FINRA Employee Files Whistleblower Suit

MANHATTAN (CN) – A financial examiner claims in court that FINRA fired him for detecting a loophole that helps large broker-dealers duck SEC rules and undercapitalize themselves.
     Joseph Sciddurlo sued the Financial Industry Regulatory Authority, or FINRA, and its Chairman Richard Ketchum in Federal Court.
     Sciddurlo joined FINRA as a financial examiner in May 2007, and he was promoted a year later to a Level 47 principal examiner for the New York Region, he says in his complaint.
     Sciddurlo claims he got high performance ratings his first two years on the job – until he “detected a flaw in the FINRA system, which allowed larger broker dealers to be overleveraged.”

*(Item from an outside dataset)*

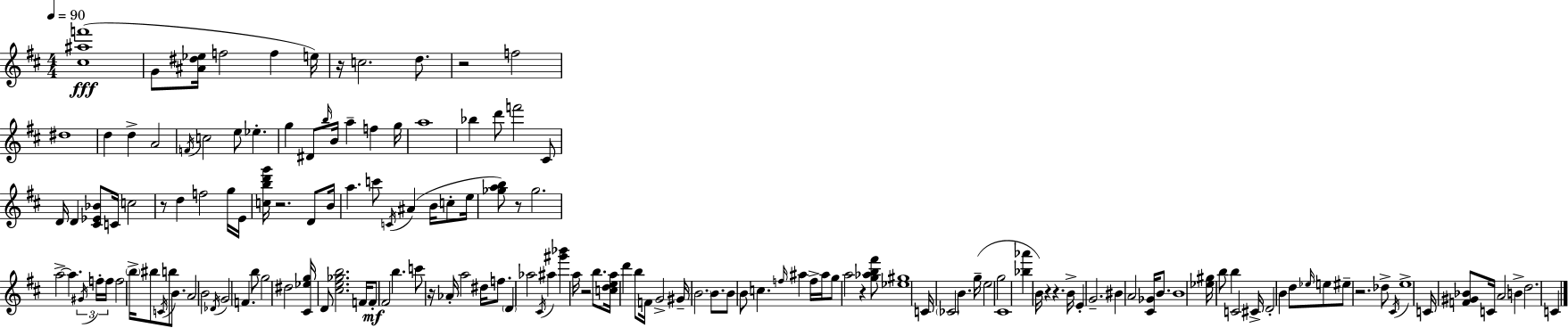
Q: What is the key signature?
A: D major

     That flaw allowed broker-dealers to skirt SEC rule 15c3-1(a)(1), which prohibits them from leveraging 15 times more than their net capital.

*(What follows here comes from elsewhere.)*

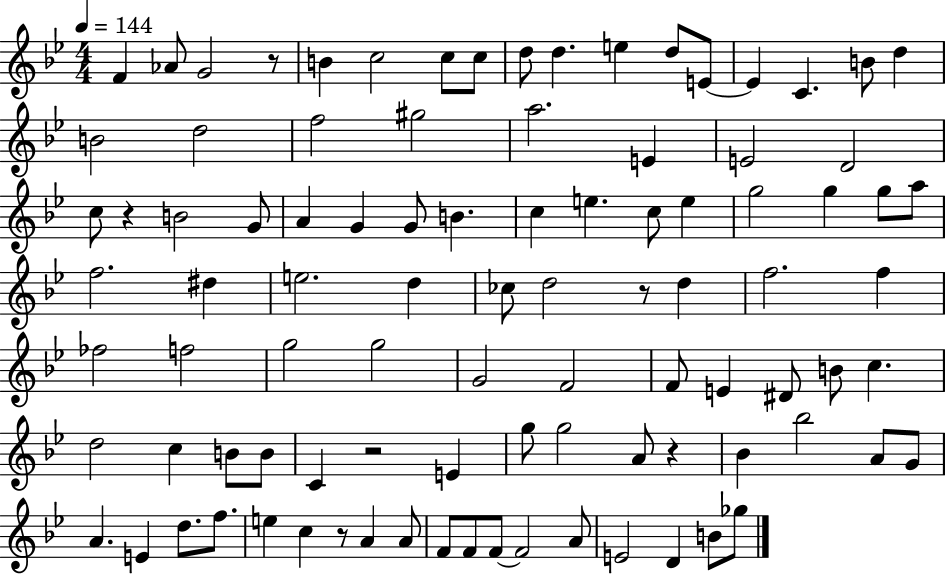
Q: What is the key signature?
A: BES major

     “Even though the SEC rules also allow broker-dealers with net capital of greater than $250,000 to be exempt for that regulation if their net capital exceeds 2 percent of customer receivables, from a rational and analytical perspective, a flaw was found to exist by the plaintiff for all broker-dealers filing under the Alternative Method of Net Capital, that would allow them to circumvent the SEC leverage limit of fifteen times the net capital and would allow large firms to leverage as much as they wanted,” the complaint states.
     Sciddurlo claims he made the discovery when devising the CAMELS project, at the urging of bosses who sought a better risk-rating methodology for broker dealers.

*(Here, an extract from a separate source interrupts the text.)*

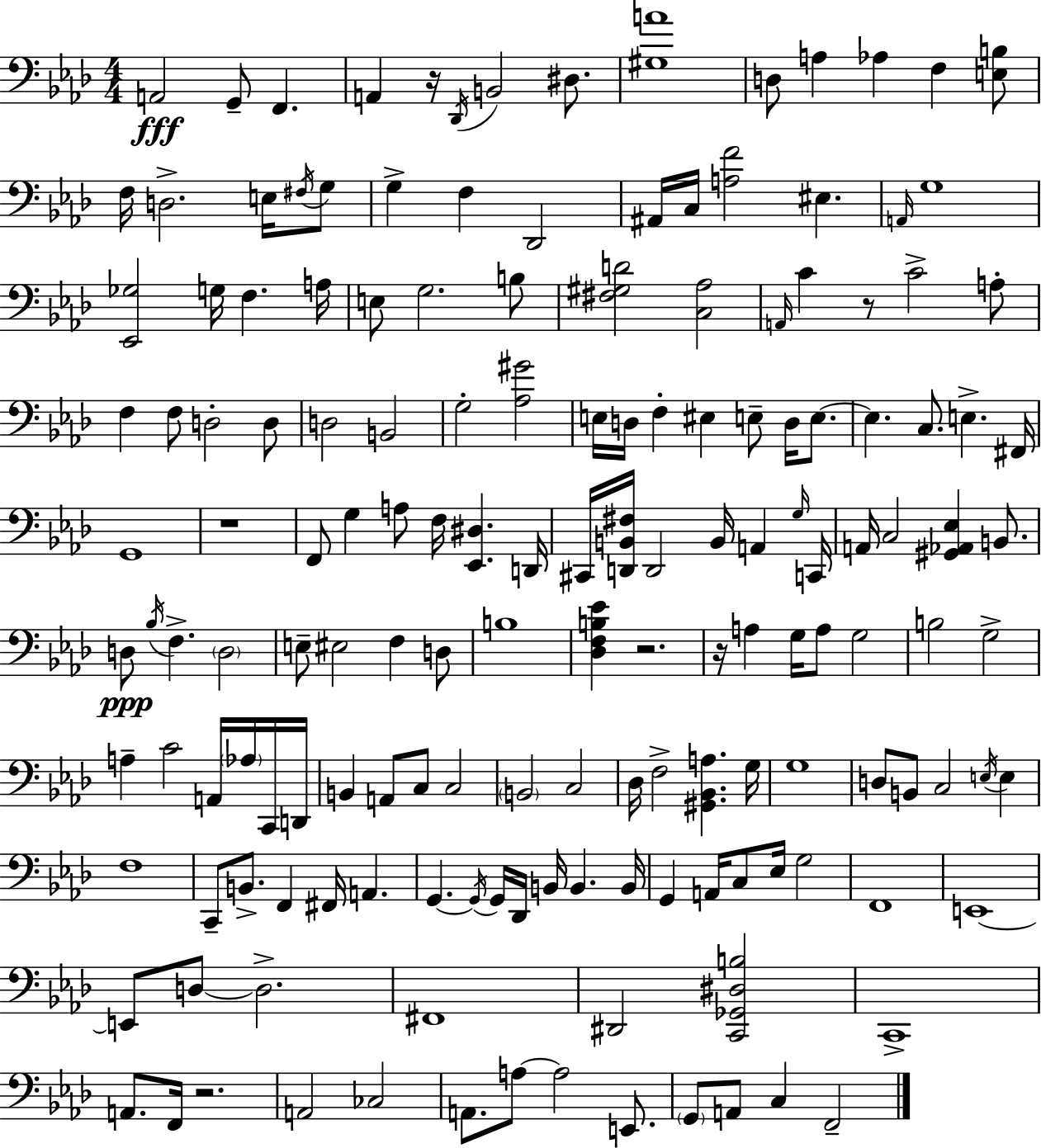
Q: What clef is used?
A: bass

     “Further, plaintiff recommended a ‘quality of earnings’ check, which would raise a red flag on the Examiner’s Annual Audit Worksheet, whenever a broker-dealer’s cash flow from operations is less than 50 percent of reported net income to prevent re-occurrence of certain bankruptcies that had occurred in the past,” the complaint states.
     For this, he claims, his bosses downgraded him “suddenly and without justification” from a Level 4 rating of “high contributor” to a Level 3, “solid contributor.”
     “Upon being downgraded to a solid contributor and in February of 2011, the plaintiff requested to be transferred to the Cycle Department at FINRA, since he had taken the initiative to pass the ‘Securities Fraud’ course offered by the Association of Certified Fraud Examiners which makes Examiners more proficient in detecting Ponzi schemes,” the complaint states. “FINRA has been criticized for missing the massive multimillion and billion-dollar Ponzi schemes.
     “The plaintiff was without justification denied a transfer to the Cycle Department in February of 2011, even though FINRA Human Resource Department had assured the plaintiff that as a ‘Solid Contributor’ he was allowed to transfer positions.
     “In early 2011, the plaintiff was also warned by his superiors to stop using CAMELS or ‘Cash Flow Analysis’ even though his ‘Cash Flow Analysis’ correctly predicted the demise of a large broker-dealer in 2008.”
     This appears to be an allusion to Lehman Bros., whose shuttering triggered the global financial meltdown.
     Sciddurlo claims he told his bosses in an Aug. 29, 2008 email: “Lehman is the entity that most closely resembles Bear (Stearns),” according to a June 2011 story in The New York Post.
     Sciddurlo says in his complaint: “In April of 2011, and without any legitimate basis, the plaintiff was placed on probation, despite his excellent performance, evaluations and years of service to FINRA.”
     He says he was fired on May 17, 2011, a year before his pension vested.
     “[I]n addition to plaintiff, other older individuals at FINRA, including Hans Reich, was also fired. Hans Reich was replaced with younger and less experienced personnel,” according to the complaint.
     Sciddurlo demands $25 million in punitive damages for age discrimination, wrongful termination, violation of New York Labor Law and whistle-blower protections under the Dodd-Frank Act.
     He is represented by Marilyn Venterina with Sciretta & Venterina.